Voisilmäpulla - Finnish "butter eye" bun

Tomorrow I visit my son's class to make a short presentation about Finland. Nah.. No culture can be truly experienced without tasting some of its culinary flavors, isn't it? :)
Plus, I'm sure the kids' won't mind. ;)

I chose to bake the voisilmäpulla because of two very simple reasons.
1) It doesn't contain much of anything to cause allergies, so even if there are kids allergic to nuts, this should be fine (not gluten or egg free though..)
2) I promised to bring some to the Vappu celebration at the Finnish house in Balboa park, and it is always nice to have a first trial with a less critical outcome.

Good enough reasons to bake, don't you agree?
I haven't made them ever here, neither in Finland, though of course I ate them at several famous "two o'clock Finnish coffee times" at Nokia.

The dough is the simple pullataikina, and I'm sure you will be fine with the half portion.

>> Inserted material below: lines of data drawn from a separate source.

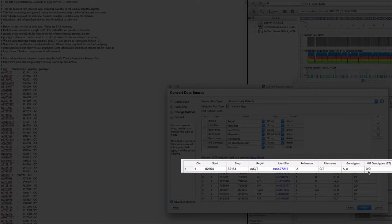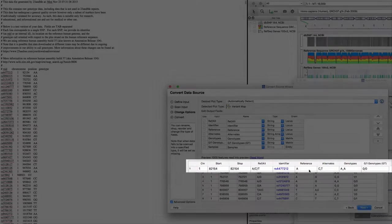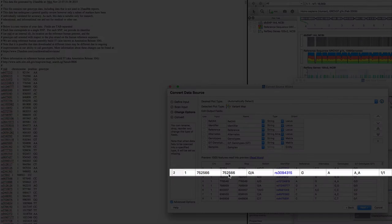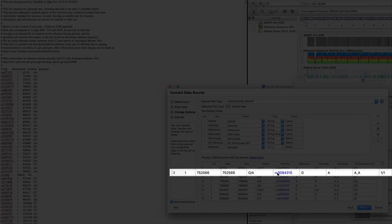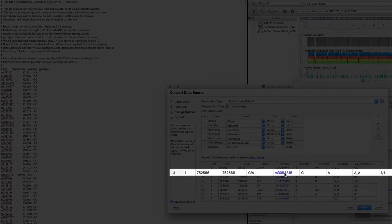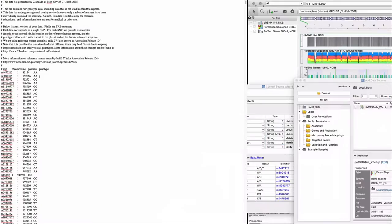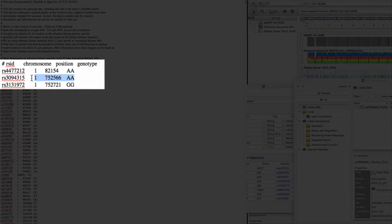Notice that the conversion wizard added some additional fields. The second line is SNP RS3094315 at position 752566 with genotype AA. The second line of the raw data file is a perfect match.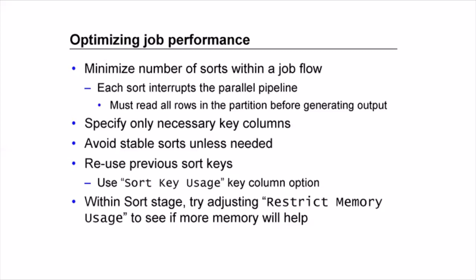Perform sorting only on the required keys. Avoid stable sorts because stable sorts are going to retain the sorting of the non-key columns which is not needed in most of the scenarios. So try and avoid the use of stable sorts. It is enabled by default in the external sort stage so you can go and put the option as false. Then reuse the previously sorted keys by using the sort key mode options of don't sort previously grouped or don't sort previously sorted. And another thing that you can do explicitly with the external sort stage is try adjusting the restrict memory usage to see if more memory can be used and it would help increase the performance of your DataStage job.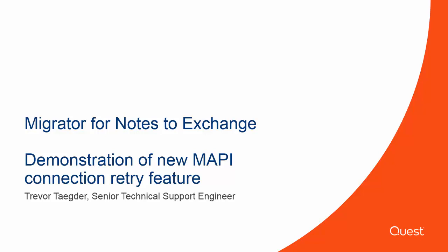We are constantly making improvements to Migrator for Notes to Exchange, and today I wanted to demonstrate one of the new under-the-hood improvements that you wouldn't ordinarily see – the new MAPI Connection retry feature in version 4.15.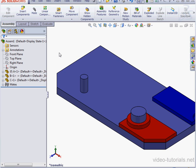Welcome to our tutorial about mirroring components. In this video, we're going to mirror the red and blue plate onto the other side of this base plate.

Of course you can go for the whole portion and double buns, which of course I did, as there are 28 kids plus teachers, so 32 buns is the absolute minimum needed.

Ingredients (makes 16)
1/2 portion bun dough
60 g butter (1/2 stick) (for the middle)
50 g sugar (for the middle, add more if you have a sweet tooth)
1 egg for brushing

Ingredients (makes 32)
full portion bun dough
120 g butter (1 stick) (for the middle)
100 g sugar (for the middle)
1 egg for brushing

Prepare the dough. Let it rise for about 45 minutes, should grow to ~ double.
Divide it into two, make a thick roll and cut it into two, and again in two, to make all together 8 kinda equal portions. Repeat the cutting with the other half. Now take the small pieces of dough and work them in a smooth ball.
Place them on a tray with parchment paper, cover with a cloth and let them rise for additional 30 min.
Meanwhile take the additional butter out of the fridge and cut it into 16 (or 32) equal pieces.
Preheat the oven to 435 F, or 225 C.
Brush the top and side of the buns with the lightly beaten egg, press a hole in the middle and push one portion of butter in each hole.
On top add a small teaspoon of sugar. If you like them sweet add a larger teaspoon.

Bake the buns on the higher middle shelf for 10-15 min.
Place them on a rack for 1/2 min, and then cover with a cloth to keep the crust soft.